Barua points to the nature of single-payer health care as the cause of the waits. “The necessity to ration health care through wait times essentially results from an basic imbalance between demand and supply -- a situation that is a product of the government monopoly on the financing and delivery of core medical services, the lack of appropriate incentives for providers, and the absence of means-tested cost-sharing for patients,” explained Barua.

Dr. John Dale Dunn, an emergency physician and policy advisor to The Heartland Institute, identifies the bureaucratic nature of Canadian health care as a source of the problem.

“The reason this happens is that a province gets a global budget which is arbitrarily set by bureaucrats with no effort made to respond to what people need,” Dunn said. “The people in control of this money know they must spend everything, but not go over the budget, so they do this by restricting access.”

Dunn described how the incentive for bureaucrats is to treat less-serious cases ahead of patients with more serious medical issues in order to avoid going over budget.

“Say you need an operation, you are by definition in the Canadian system defined as an outlier,” explained Dunn. “You are going to have to bang on the door to get any treatment. So what they do is fill their beds with people who don't have exotic care and this restricts access,” for patient with expensive and complex medical needs.

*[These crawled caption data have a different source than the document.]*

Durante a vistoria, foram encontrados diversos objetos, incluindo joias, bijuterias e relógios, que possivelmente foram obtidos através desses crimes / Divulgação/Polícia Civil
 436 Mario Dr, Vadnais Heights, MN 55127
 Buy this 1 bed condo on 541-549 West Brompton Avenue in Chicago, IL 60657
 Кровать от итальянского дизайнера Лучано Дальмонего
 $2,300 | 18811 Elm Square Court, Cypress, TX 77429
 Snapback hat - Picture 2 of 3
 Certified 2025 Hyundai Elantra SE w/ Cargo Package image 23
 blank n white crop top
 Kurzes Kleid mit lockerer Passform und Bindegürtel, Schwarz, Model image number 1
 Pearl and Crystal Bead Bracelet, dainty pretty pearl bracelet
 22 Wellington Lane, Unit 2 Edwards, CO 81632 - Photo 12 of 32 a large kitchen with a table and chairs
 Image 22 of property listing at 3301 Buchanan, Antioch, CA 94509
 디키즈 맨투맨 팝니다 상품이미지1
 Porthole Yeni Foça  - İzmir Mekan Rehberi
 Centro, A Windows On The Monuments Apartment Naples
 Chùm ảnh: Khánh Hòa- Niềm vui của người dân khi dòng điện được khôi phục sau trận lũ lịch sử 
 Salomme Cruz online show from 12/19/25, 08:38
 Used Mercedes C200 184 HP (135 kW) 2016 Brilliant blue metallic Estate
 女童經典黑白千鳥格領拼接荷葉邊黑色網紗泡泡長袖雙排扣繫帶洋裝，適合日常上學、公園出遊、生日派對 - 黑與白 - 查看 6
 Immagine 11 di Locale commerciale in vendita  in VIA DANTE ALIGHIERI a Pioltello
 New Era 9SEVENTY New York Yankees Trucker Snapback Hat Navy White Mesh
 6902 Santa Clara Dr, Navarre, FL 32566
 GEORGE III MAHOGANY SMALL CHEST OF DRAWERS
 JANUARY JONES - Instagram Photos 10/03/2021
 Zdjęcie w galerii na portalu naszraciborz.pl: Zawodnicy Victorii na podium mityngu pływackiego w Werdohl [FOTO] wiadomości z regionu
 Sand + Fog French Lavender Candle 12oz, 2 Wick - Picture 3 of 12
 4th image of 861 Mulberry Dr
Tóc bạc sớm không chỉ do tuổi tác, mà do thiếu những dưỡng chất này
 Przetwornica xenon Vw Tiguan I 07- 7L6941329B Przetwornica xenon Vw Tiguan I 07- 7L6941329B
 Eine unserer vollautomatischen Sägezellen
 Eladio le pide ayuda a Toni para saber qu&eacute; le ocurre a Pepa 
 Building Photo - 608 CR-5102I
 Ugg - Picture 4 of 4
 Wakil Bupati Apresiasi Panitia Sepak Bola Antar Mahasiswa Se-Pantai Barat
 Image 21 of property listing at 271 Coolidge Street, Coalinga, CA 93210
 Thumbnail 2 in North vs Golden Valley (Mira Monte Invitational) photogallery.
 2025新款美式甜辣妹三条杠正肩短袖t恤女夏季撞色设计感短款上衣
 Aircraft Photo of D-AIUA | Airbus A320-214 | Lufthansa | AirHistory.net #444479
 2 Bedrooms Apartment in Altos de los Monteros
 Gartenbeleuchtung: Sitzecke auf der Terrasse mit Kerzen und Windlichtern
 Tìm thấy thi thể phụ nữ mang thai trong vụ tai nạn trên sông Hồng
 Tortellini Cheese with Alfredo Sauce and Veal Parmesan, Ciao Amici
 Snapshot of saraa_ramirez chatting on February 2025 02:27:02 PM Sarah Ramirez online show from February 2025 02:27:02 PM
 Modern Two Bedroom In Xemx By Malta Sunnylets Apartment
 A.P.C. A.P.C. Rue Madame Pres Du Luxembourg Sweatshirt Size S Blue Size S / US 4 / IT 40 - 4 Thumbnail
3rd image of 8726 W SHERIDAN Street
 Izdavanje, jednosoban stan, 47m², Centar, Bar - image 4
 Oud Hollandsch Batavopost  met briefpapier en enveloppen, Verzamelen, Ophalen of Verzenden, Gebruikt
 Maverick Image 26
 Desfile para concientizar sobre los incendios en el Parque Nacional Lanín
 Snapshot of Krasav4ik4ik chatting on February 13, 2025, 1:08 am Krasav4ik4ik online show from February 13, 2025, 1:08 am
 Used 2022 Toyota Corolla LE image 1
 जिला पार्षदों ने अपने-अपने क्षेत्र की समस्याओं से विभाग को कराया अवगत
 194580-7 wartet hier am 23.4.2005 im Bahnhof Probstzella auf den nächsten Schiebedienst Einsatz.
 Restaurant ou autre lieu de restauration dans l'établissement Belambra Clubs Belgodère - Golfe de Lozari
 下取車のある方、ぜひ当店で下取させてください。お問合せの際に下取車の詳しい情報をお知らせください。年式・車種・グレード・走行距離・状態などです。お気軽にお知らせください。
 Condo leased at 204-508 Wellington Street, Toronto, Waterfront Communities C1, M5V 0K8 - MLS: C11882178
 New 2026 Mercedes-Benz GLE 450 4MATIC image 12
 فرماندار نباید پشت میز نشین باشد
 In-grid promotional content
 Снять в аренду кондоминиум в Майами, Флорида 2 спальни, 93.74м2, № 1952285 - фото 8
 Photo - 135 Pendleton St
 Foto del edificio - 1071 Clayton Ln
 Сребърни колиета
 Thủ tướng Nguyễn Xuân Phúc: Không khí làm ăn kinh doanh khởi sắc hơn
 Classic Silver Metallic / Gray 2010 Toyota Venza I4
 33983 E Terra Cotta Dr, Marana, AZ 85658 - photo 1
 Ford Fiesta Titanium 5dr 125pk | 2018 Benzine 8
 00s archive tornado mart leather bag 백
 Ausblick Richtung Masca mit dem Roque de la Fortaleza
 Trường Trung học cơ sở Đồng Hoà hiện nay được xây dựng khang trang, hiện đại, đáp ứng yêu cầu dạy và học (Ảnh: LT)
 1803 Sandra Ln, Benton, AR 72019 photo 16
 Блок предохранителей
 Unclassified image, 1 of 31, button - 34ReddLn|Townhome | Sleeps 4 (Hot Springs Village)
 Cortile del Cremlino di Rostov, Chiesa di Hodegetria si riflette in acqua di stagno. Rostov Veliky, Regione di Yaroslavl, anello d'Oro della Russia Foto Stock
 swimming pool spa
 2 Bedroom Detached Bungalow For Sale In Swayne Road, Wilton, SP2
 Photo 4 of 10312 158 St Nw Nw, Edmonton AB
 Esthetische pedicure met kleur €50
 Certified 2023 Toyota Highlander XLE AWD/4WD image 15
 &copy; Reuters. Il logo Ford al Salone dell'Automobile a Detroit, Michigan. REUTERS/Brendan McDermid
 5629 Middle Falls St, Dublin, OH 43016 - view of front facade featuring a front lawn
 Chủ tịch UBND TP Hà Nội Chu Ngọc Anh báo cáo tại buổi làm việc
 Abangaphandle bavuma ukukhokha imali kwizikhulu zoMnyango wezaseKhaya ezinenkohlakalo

“This is indirect rationing -- it's the kind of thing that is bound to happen with global budgets,” Dunn said. “Almost 30 years ago, I started to see doctors leaving Canada because they were disgusted with the system because it prevented them from treating patients.”

U.S. Single Payer Advocates

Despite the continued problem of long waits for needed medical care, as well as the recent abandonment of a single-payer health system by longtime proponent Governor Peter Shumlin of Vermont, there remains some support in the U.S. for moving towards a completely government-financed health system.

The New York State Assembly’s health committee will hold a hearing tomorrow, January 13, on Assembly Member Richard Gottfried’s (D-Manhattan) legislation to adopt single-payer health care in the state of New York. Gottfried chairs the health committee.